On my way home yesterday, a man I’d never met asked me if he could come inside my apartment, use the toilet, and pray. Because it was nearly past his prayer-o’clock.
A series of ‘what the fucks???’ crossed my mind, then a ‘forgive me for I may have sinned’ to ward off the what the fucks, just in case, despite different and often opposing religions. I said NO.
I put this situation on Facebook, asking if my refusal to let him in was uncharitable. All friends who responded said it was reasonable for me not to let him inside. It was a unanimous no. Terms like weirdo, murderer, rapist, con-artist, and junkie were bandied about. Mum reminded me of the stranger danger that she taught me as a kid. And someone pointed out the obvious. If he needed to pray on time, he needed to plan his trip better. That’s what the Metlink site is there for.

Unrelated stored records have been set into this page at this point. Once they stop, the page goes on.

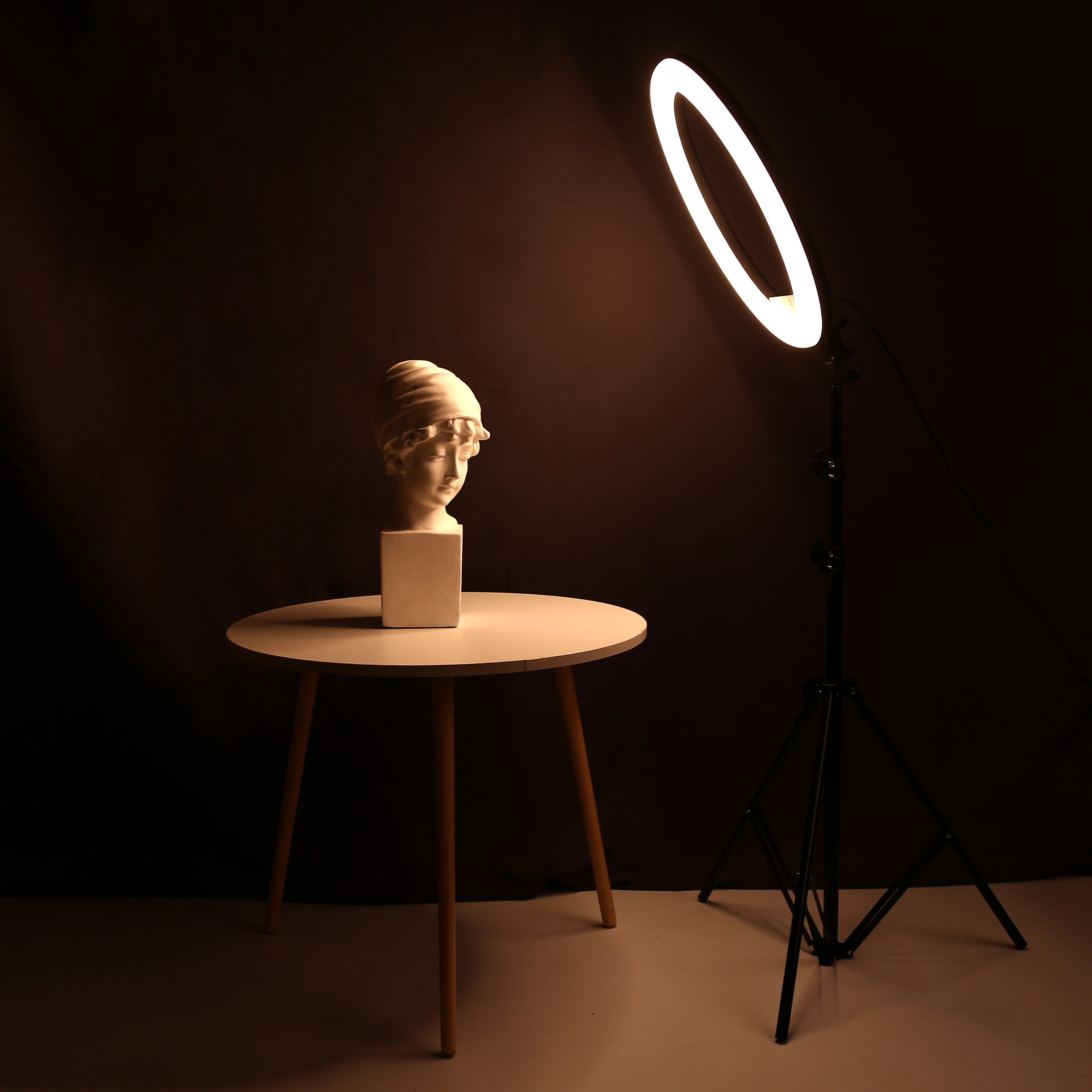 

14/18inch Photo Studio lighting LED Ring Light Large Ring Lamp With Stand Tripod for Phone Tiktok Youtube Portrait,Makeup,Video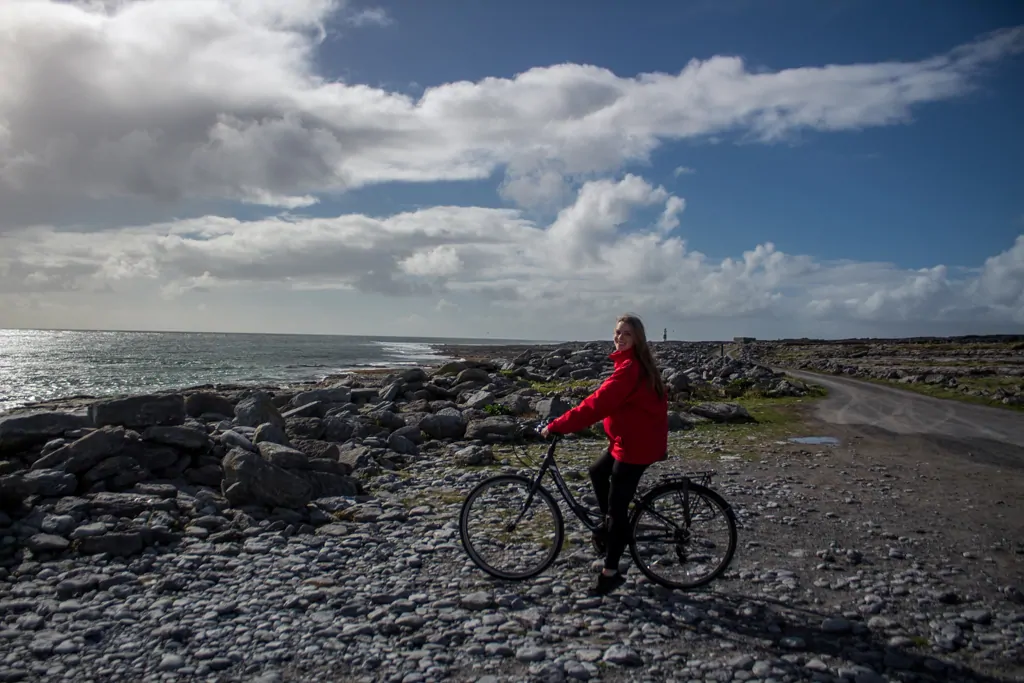 Biking on Inisheer Island.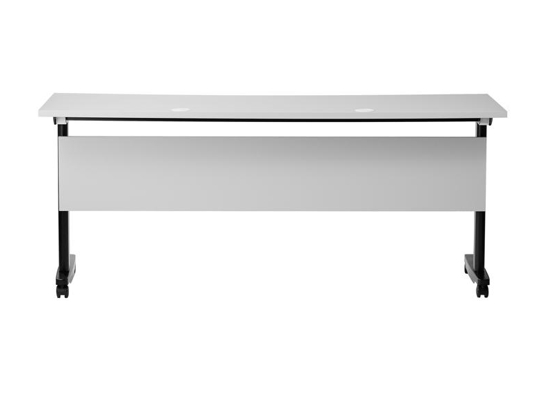 Training table with t leg 6x2 gray black 9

Despite all of these potential realities – I once came home to a junkie lying in my yard, looking a bit dead and so I called the police, so if I handled that I could handle anything – I was worried about two things if I were to invite him in. Were there any dirty undies on the floor, left in haste before the morning’s shower? And I dislike religion being forced onto me, so the thought of someone praying in my apartment disturbed the BeJesus (or in this case, the BeAllah) out of me. Being murdered didn’t cross my mind.
Someone asked if my toilet was a shrine. Well yes, actually. It is. Aside from the seriously stylish prints of Libra Fleur adorning my cistern, my toilet door is a shrine to some of my favourite musos. Pictures of Silverchair. Savage Garden, Genevieve Maynard and Kurt Cobain are blu-tacked on the back (shhh it’s a rental), and a sign that reads ‘Do not disturb, I’m listening to Silverchair’ hangs from the handle (definitely NOT a euphemism for ‘do not disturb, I’m doing a poo’). Had I let the man in, my music tastes (religion) may have been forced on him in the toilet-shrine.
And that’s just another example of the strange folk I attract.